The non-profit group approached the district with a simple, non-lethal alternative for managing flooding concerns associated with beaver activity: build a wire fence around the culvert intake, interrupting the beavers’ natural instinct to build where there’s current and the sound of flowing water.

“They work awesome,” said Dale Vinnish, public works operations supervisor. “We don’t have to trap beavers. They moved elsewhere. They’re not causing a problem.”

The nine “beaver deceivers,” at $400-$600 apiece and built in one day, save the district thousands of dollars, because workers no longer have to pull apart dams.

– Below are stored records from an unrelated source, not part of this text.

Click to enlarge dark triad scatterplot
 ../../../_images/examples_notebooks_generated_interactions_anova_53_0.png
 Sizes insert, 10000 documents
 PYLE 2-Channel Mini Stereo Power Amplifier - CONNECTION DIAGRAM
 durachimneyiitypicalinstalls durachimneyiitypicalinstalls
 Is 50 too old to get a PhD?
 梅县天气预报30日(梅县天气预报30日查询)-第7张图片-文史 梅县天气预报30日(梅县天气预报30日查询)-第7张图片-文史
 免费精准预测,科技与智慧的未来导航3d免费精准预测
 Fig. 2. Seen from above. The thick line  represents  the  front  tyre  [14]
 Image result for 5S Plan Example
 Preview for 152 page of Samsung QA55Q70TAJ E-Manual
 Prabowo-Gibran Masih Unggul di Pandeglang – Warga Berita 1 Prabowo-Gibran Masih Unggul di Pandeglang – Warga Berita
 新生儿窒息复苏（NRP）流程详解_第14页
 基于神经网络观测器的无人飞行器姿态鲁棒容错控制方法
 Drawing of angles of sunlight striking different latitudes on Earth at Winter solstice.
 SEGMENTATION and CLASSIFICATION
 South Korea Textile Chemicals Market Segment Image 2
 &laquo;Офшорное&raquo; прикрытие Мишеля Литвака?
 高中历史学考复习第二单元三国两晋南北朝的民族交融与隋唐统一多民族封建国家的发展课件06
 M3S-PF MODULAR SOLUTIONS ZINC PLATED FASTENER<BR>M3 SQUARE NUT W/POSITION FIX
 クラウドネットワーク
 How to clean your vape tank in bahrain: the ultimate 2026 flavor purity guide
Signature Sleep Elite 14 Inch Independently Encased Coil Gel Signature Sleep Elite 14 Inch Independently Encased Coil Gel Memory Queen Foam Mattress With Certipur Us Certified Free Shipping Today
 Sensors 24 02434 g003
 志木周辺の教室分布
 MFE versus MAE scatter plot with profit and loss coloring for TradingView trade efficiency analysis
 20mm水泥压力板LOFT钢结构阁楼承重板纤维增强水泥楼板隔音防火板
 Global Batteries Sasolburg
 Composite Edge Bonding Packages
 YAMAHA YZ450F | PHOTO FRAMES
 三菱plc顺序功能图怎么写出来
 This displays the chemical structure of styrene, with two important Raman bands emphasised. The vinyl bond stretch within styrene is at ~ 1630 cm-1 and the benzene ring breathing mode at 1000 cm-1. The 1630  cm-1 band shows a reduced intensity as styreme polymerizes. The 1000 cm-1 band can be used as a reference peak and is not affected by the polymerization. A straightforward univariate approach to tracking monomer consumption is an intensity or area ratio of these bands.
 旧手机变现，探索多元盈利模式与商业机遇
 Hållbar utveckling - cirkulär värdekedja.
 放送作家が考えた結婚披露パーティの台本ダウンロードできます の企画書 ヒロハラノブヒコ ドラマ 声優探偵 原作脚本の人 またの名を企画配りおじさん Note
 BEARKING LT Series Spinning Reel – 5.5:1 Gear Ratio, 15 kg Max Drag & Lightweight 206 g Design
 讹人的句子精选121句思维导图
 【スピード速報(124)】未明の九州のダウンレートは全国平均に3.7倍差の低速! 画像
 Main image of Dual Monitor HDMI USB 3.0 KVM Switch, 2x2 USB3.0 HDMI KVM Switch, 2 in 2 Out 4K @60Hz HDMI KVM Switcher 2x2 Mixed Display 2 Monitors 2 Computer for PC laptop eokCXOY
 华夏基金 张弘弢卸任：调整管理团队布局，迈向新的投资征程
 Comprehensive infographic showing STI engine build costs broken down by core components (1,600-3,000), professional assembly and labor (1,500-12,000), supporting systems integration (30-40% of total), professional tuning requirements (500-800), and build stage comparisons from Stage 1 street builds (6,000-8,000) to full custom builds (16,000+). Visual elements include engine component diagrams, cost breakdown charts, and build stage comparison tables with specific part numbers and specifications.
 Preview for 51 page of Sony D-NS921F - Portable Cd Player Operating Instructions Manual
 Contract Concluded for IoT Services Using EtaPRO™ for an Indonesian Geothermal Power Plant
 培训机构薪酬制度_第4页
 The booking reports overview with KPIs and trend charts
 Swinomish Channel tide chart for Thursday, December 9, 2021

Previously, the municipality would break down two to three dams daily, several days a week, in addition to paying for the capturing and killing of about a dozen beavers annually.

“If we weren’t trapping, we were going in continuously to break apart the dams,” said Vinnish.

Since installing the devices, no beavers have been trapped and site visits to the beaver deceivers only happens monthly to check for blockage.

Similarly, Silverdale Creek Wetlands has just built its first current diversion system.

“The problem is, with an area like Silverdale Creek Wetlands, it’s so heavily human impacted, that we’re impacting the predators of beavers … So the beaver population tends to grow fairly well,” said Stave Valley Salmonid Enhancement Society’s Jim Taylor.

With its tangle of small waterways, the wetlands offer prime viewing for beavers, birds, and other wildlife, but pose environmental management challenges.

To prevent beavers from raising the water level by damming, a large wooden box with wire mesh was installed where a pond flows out to a river that disrupts the current, and confuses the beaver. The beaver doesn’t build a dam, because he can’t figure out where to do it. Meanwhile, fish can still pass through.

“Mission has been a true success story for us here in the Lower Mainland,” said Fox. “They’ve certainly set an example for the rest of Metro Vancouver.”

AFPA volunteers  check on the new water flow devices, and freely consults with municipalities, farmers, and other groups on non-lethal, long-term methods of managing animal populations, including beavers, coyotes, and raccoons.